4,7-16 Conducta personal de un ministro de Dios. Como en las exhortaciones anteriores, el autor continua dirigiéndose personalmente a Timoteo, pero con la intención de esbozar la figura ideal del responsable de las Iglesias locales, aplicable a todo aquel que ejerce el ministerio de la autoridad, y que como tal debe ser: «modelo de los creyentes en la palabra, la conducta, el amor, la fe, la pureza» (12). En esto consiste y debe consistir «el don espiritual que posees», reconocido por todos, y hecho público y oficial «al imponerte las manos los ancianos» (14), que era el símbolo ritual con que se solemnizaba la transmisión del ministerio apostólico.

Las comunidades cristianas a las que van dirigidas las «cartas pastorales» conocían muy bien la diversidad de carismas y dones con que el Espíritu Santo agraciaba a los cristianos sin distinción de sexo o condición social (cfr. 1 Cor 12). Eran dones temporales que surgían y desaparecían. Pero también sabían que entre los carismas había algunos especiales, de carácter permanente, que afectaban a la existencia misma de la Iglesia: eran los carismas de la autoridad como servicio a la comunidad (cfr. Ef 4,11s).
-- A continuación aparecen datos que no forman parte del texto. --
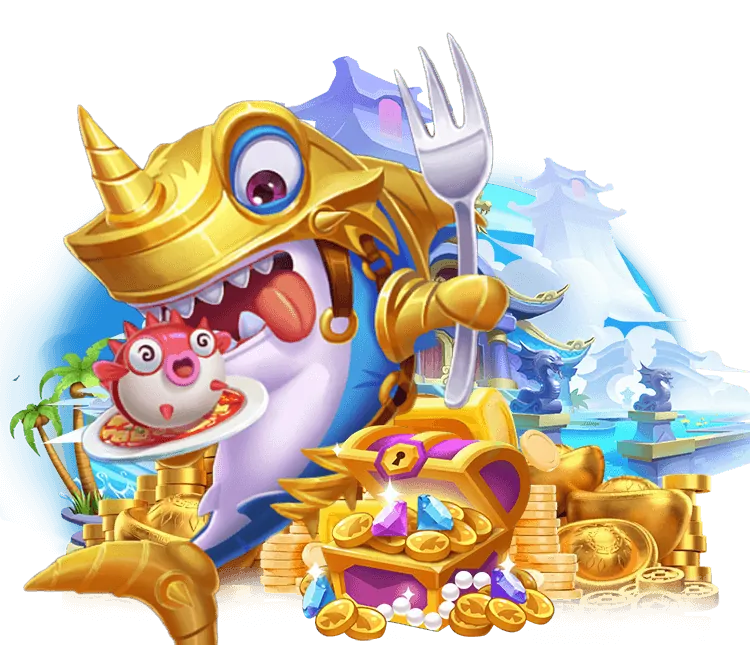 Game Nổ Hũ 7ballbet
Al igual que hace Pablo en su carta a los Efesios (cfr. Ef 4,11), el autor dirigiéndose a Timoteo, más que referirse al carisma que éste posee, le exhorta a que toda su persona se convierta en ese don vivo para sus hermanos y hermanas en la fe. Tan seria es esta exhortación que la salvación del responsable va vinculada a la de los subordinados: cumpliendo todo esto «se salvarán tanto tú como tus oyentes» (16).